_What you should do:_
Which lines of the data below hold "Paperback"? Copy each of them.

*** The data Section Begins ***

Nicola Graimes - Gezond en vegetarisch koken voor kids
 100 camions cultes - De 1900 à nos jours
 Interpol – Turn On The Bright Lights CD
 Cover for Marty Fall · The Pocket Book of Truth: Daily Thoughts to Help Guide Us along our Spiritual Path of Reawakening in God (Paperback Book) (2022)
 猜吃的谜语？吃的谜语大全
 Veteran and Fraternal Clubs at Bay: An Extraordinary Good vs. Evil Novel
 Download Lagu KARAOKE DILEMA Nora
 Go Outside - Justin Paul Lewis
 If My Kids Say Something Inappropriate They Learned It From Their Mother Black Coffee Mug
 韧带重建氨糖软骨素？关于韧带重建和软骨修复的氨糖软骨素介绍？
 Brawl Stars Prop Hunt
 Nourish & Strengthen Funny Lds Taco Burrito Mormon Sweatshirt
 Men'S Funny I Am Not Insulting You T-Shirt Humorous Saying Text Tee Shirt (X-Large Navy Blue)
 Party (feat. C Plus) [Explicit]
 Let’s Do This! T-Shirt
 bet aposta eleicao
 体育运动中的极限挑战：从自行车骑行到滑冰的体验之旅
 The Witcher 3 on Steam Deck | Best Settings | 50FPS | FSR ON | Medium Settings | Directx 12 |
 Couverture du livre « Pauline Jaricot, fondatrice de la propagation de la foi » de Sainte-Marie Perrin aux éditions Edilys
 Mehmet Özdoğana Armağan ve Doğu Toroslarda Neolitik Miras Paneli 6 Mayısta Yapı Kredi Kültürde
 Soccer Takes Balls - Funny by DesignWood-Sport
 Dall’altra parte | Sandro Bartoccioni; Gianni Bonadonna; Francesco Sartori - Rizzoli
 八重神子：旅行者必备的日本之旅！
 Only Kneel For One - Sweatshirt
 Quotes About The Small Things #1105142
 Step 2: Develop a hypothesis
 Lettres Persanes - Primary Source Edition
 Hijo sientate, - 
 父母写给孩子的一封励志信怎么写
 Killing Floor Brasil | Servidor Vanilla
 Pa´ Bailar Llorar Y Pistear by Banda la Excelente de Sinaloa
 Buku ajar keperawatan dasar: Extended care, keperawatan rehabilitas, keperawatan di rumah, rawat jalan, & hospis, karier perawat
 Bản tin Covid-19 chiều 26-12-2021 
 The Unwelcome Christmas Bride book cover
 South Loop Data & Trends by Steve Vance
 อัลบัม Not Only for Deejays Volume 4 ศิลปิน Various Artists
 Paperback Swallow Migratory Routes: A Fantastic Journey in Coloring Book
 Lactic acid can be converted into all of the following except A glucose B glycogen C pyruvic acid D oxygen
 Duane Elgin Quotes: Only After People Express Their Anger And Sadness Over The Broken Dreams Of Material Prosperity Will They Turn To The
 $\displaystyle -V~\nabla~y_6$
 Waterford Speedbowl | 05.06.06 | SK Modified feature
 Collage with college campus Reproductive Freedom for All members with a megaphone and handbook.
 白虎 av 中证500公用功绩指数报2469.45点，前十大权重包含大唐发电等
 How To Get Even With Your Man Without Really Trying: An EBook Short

*** The data Section Ends ***

_Result of the exercise:_
 Cover for Marty Fall · The Pocket Book of Truth: Daily Thoughts to Help Guide Us along our Spiritual Path of Reawakening in God (Paperback Book) (2022)
 Paperback Swallow Migratory Routes: A Fantastic Journey in Coloring Book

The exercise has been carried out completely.